Thursday, December 16, 2010

Powerhouse

The first postseason game in NFL history was also the first indoor game in NFL history. It was played on December 18, 1932, in Chicago Stadium. In that game, the Bears took on the Portsmouth (Ohio) Spartans, who would soon move to Detroit and become the Lions. The account below is adapted from the recent book Heydays: Great Stories in Chicago Sports.

BRONKO NAGURSKI
     Bronko Nagurski grew up in International Falls, Minnesota, a remote outpost along the Canadian border, and from the time he was very young he was regarded as a sort of real-life Paul Bunyan. Clarence “Doc” Spears, his coach at the University of Minnesota, had a colorful account of how he recruited Nagurski. “I saw this young kid pushing a plow,” Spears said. “There was no horse or anything else, just this kid pushing a plow. I asked directions of him and he picked up the plow and pointed with it. I decided then and there he should go to Minnesota.”
     Bronko went on to perform spectacularly at Minnesota, and he joined the Bears in 1930. He weighed about 235 pounds at a time when very few players exceeded 210. A fullback on offense and a tackle on defense, he was easily the best player in the NFL at both positions. He was the heart and soul of the Bears’ powerhouse teams of the early thirties.
     “Bronko Nagurski was probably the greatest player I ever went up against,” said the Green Bay Packers’ Hall of Famer Clarke Hinkle. I thought to myself, ‘You either better start moving and go after him or just get the hell out of the way, because otherwise you are going to get killed.’”

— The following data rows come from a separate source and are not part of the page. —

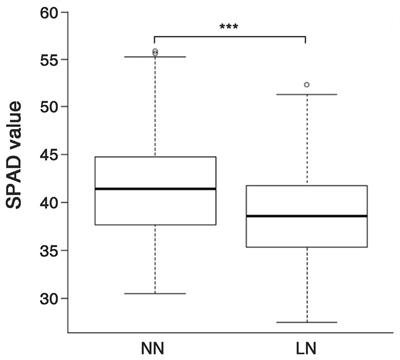 Effects of SPAD value variations according to nitrogen application levels on rice yield and its components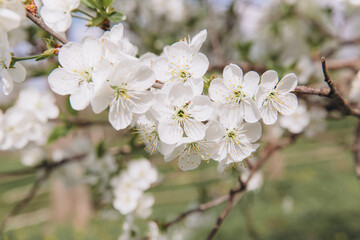 White cherry tree flowers blooming in spring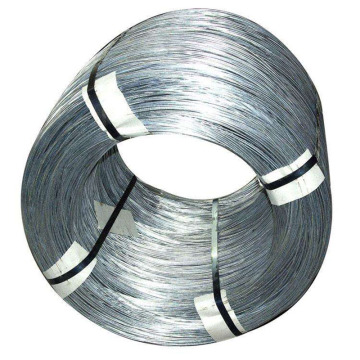 Selling 304 Fine Stainless Steel Wire and 316 Stainless Steel Wire Rope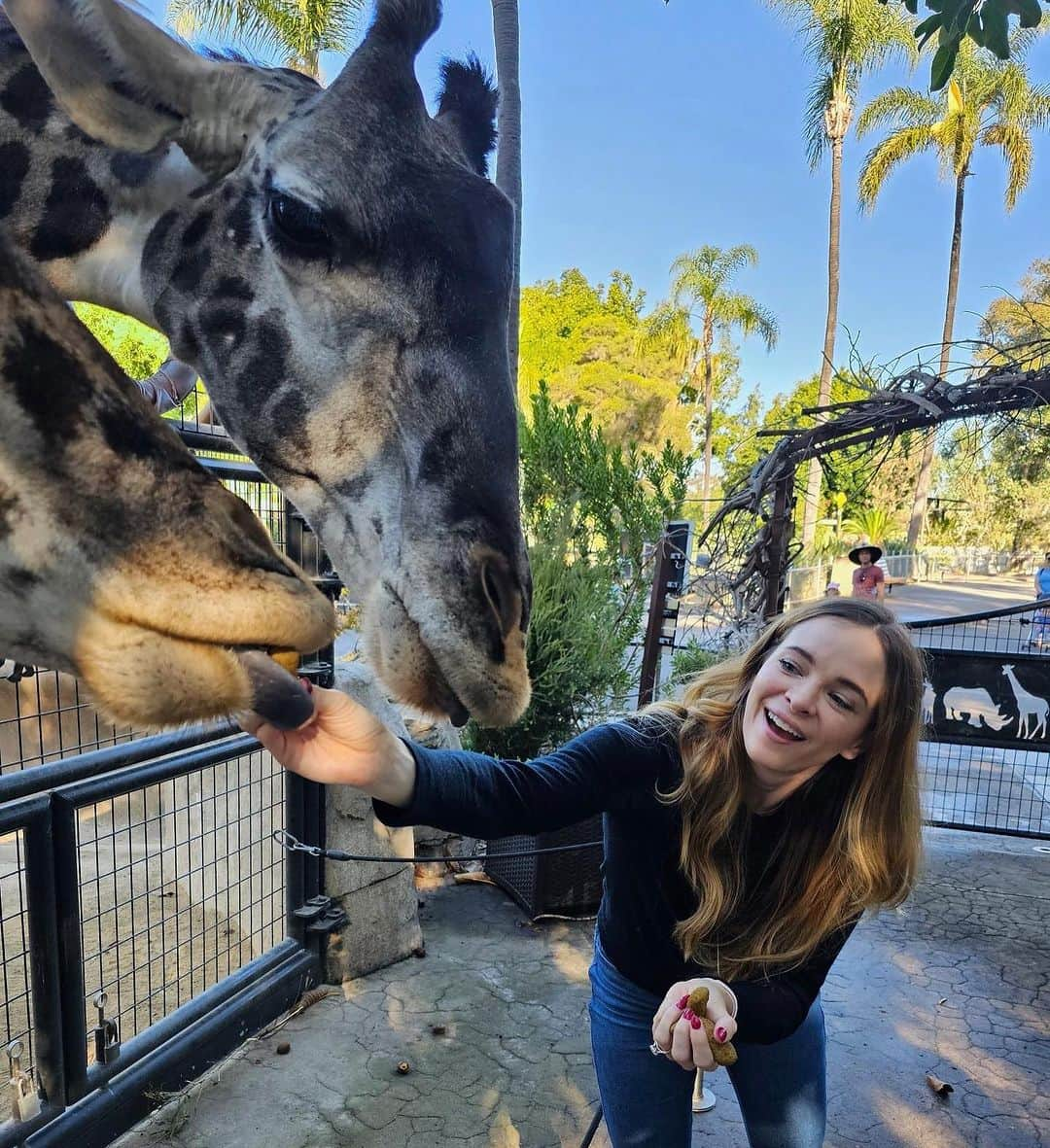 ダニエル・パナベイカーのインスタグラム：「Spent a magical day @sandiegozoo this past weekend and highly recommend a visit.🦒🦥 🐻 The nonprofit work they do to help animals get off the endangered species list and back into the wild is remarkable. I was so taken by the passion of everyone who worked there and can’t wait to go back! #SanDiegoZoo」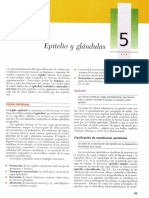 cap-5.pdf
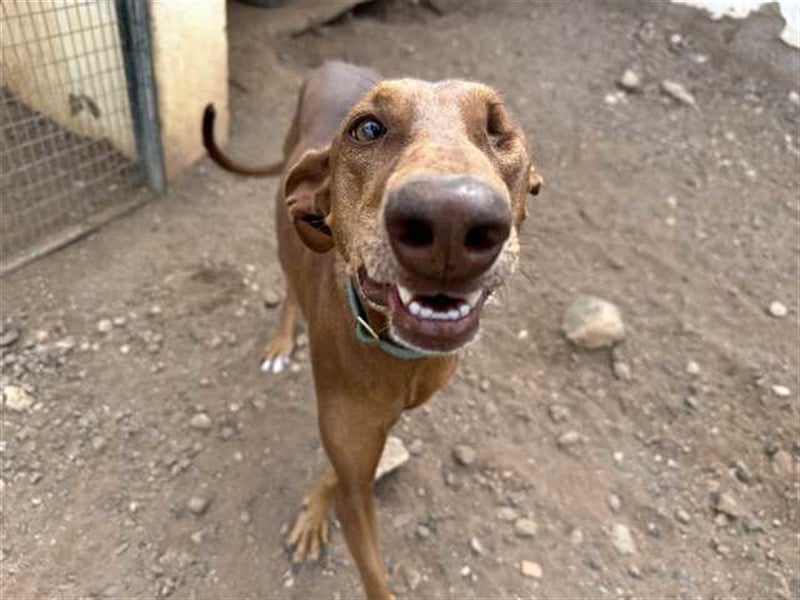 Podenco Hündin Camila sucht neues Zuhause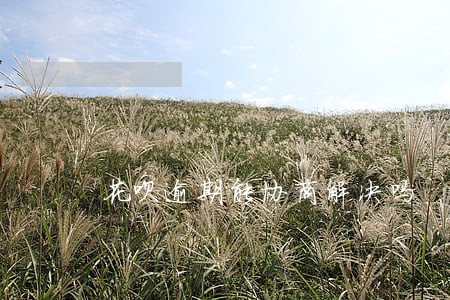 花呗逾期能协商解决吗 花呗逾期能协商解决吗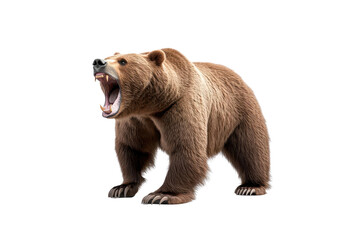 Fototapeta premium A fierce bear roaring with strength and power, showcasing the beauty of wildlife and the majesty of nature.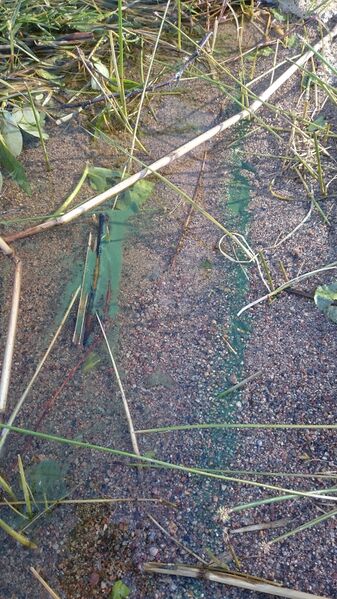 Lapinsalmen uimala 27.06.2018.JPG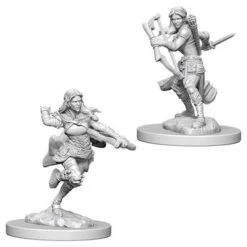 WZK73204 D&D Minis: Wave 4- Air Genasi Female Rogue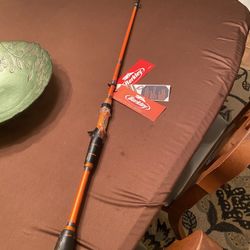 Brand New Berkley Shock Lighting Casting Rod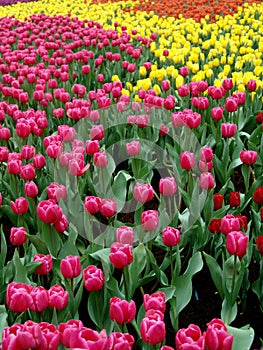 Sea of tulips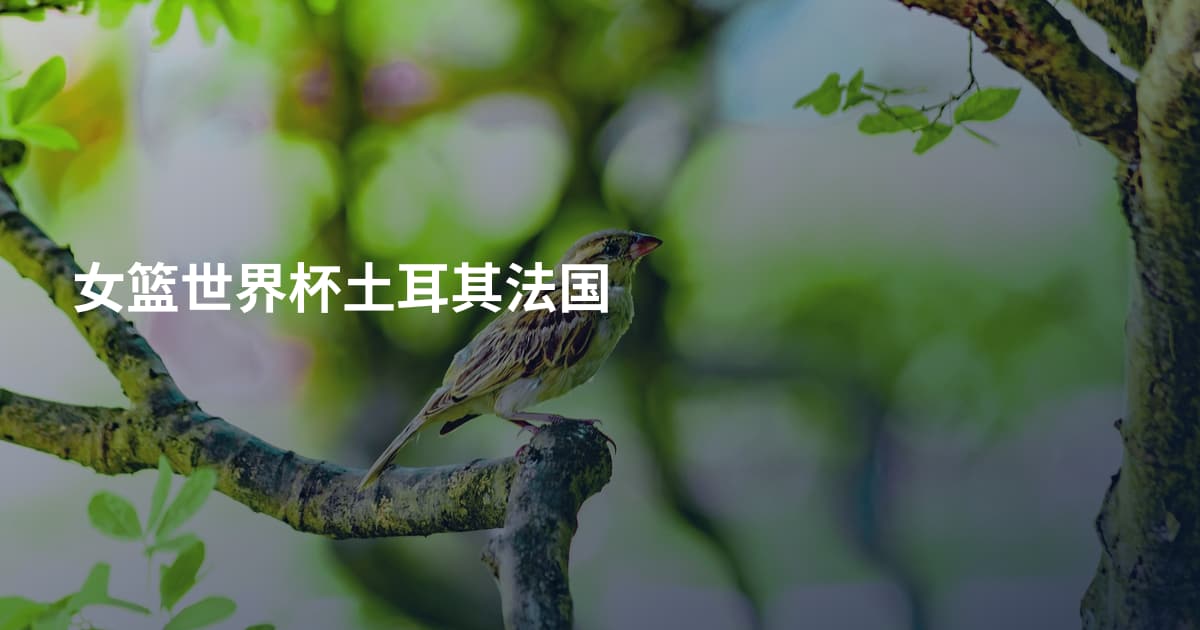 女篮世界杯土耳其法国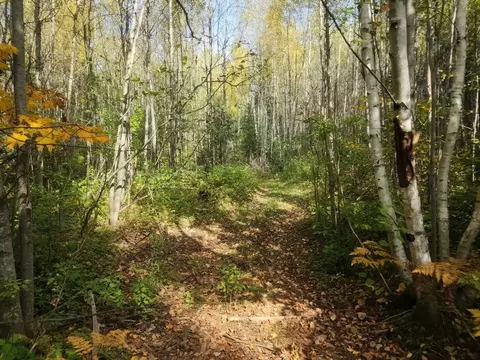 tbd Bear Lake Rd, Butternut, WI 54514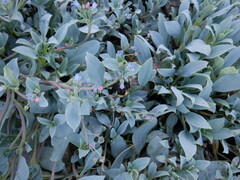 Mertensia maritima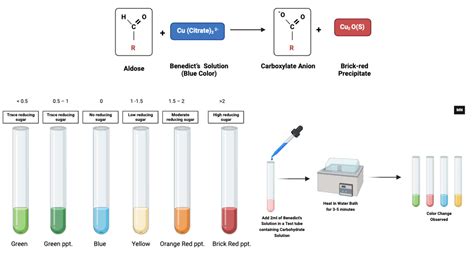 Biochemical Test Biology Notes Online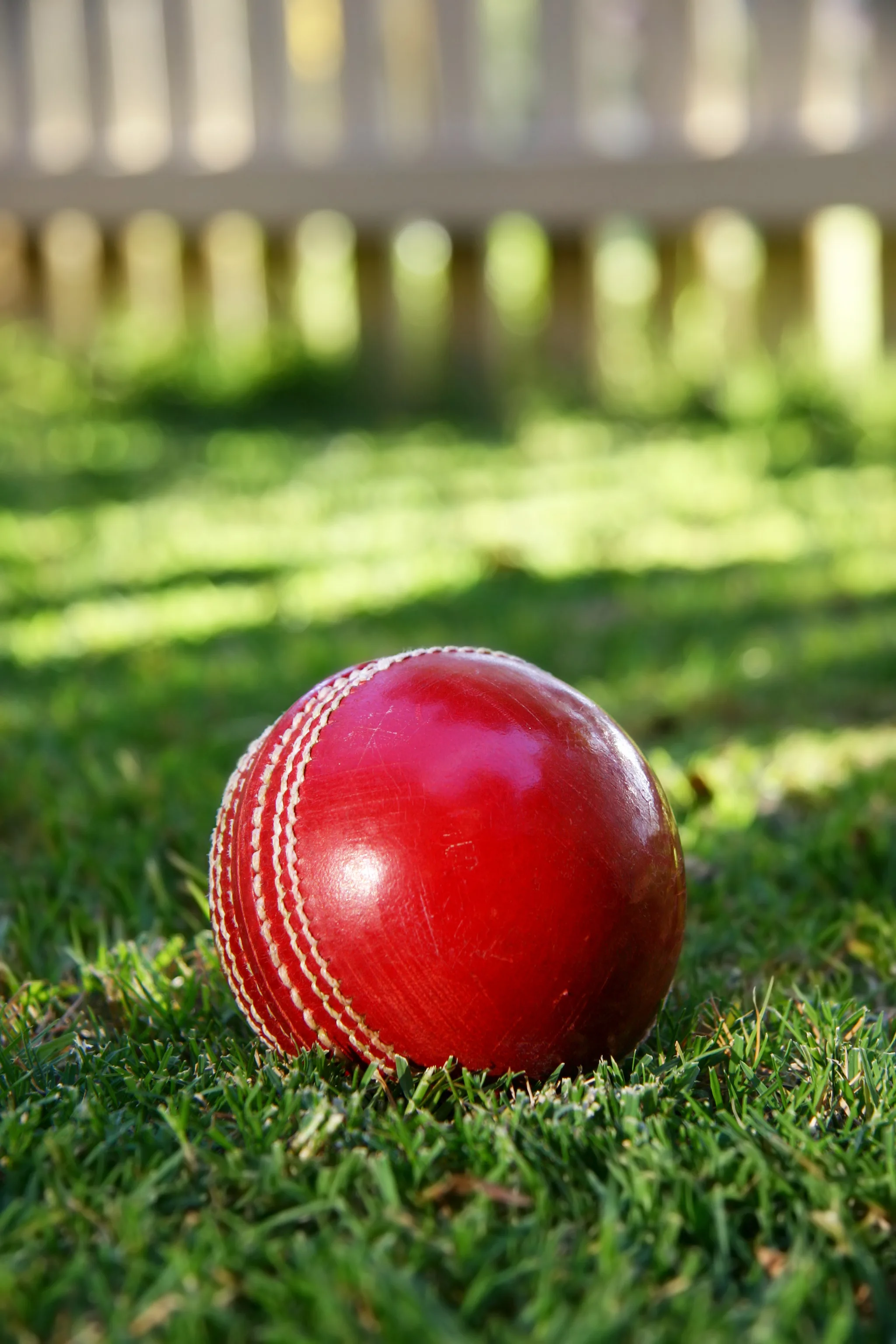Aussie batter Chris Lynn smashes a massive six into someone's backyard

     In the final game of the 1932 regular season, Nagurski’s 56-yard touchdown gallop led the Bears to a 9-0 victory over the Packers amid swirling snows at Wrigley Field. The win moved the Bears into a tie with the Portsmouth Spartans for first place in the NFL, and league president Joe Carr decided to have a playoff game to settle the issue. Because Portsmouth’s stadium seated only 8,000, the first postseason game in pro football history was scheduled for Chicago.
     That the NFL was still in its infancy was demonstrated by the fact that Portsmouth’s star tailback Dutch Clark, the league’s leading scorer, was not available for the game. His contract as basketball coach at Colorado College called for him to report immediately after the Spartans’ season was concluded, and it had no provision for an extra week.
     The weather worsened in the days leading up to the game, with snow continuing intermittently and the temperature plummeting to below zero. Bears coach and owner George Halas recognized that few hardy souls were likely to pay hard-earned Depression dollars to sit out in a blizzard at Wrigley Field, so he got approval from the league to play the game indoors at Chicago Stadium. Inside the Stadium, a field was set up that was 20 yards shorter and 15 feet narrower than the standard.
     A circus had come through the week before, and a six-inch layer of dirt remained on the Stadium’s cement floor. With rolls of sod laid on top of the dirt, the playing surface was passable and certainly safer than the frozen ground at Wrigley Field. One observer reported, however, that the arena “was a little too aromatic, what with the horses and elephants that had traipsed around there a few days before the game.”
     More than 11,000 people showed up, vindicating the decision to play the game indoors. “They were exposed to the violence of professional football,” Richard Whittingham wrote, “in a way that spectators in outdoor stadiums never were. In the enclosed stadium, the sounds of impact when players blocked or tackled each other resounded through the acoustically controlled hall.”
     Both defenses held sway for the first three quarters. There was only one punt returned all day, as most of them flew well into the seats. The Bears’ Red Grange was knocked out cold when he was thrown out of bounds and into the hockey boards after an end run of 15 yards. He was carted off, but soon returned. In the fourth quarter, Dick Nesbitt of the Bears intercepted a pass at the Spartans’ seven-yard line. Nagurski bulled his way down to the two on first down, but then he was stopped for virtually no gain on his next two attempts.
     On fourth down and goal, the Portsmouth defenders massed in the middle of the line, convinced that Nagurski would carry the ball again. Bronko did take the handoff from quarterback Carl Brumbaugh, but instead of charging ahead, he backpedaled and lofted a pass over the scrum at the goal line. Grange was alone in the end zone to gather it in for a touchdown. Portsmouth coach Potsy Clark was apoplectic, arguing that Bronko had been too close to the line of scrimmage when he delivered the ball (at the time, one had to be at least five yards behind the line in order to throw a legal forward pass). Potsy may have been right, but the call stood.
     When Clark finally calmed down and returned to the sidelines, Tiny Engebretsen kicked the extra point for the Bears. Several minutes later, a Spartan fumble rolled out of the end zone for a safety. The score of 9-0 held up, and the Bears were world champions.
     The postseason playoff game stirred up so much interest that NFL owners quickly agreed to make it an annual event. Accordingly, the league was split into two divisions whose winners would meet after the season for the championship. This model remained in place until the inaugural Super Bowl after the 1966 season.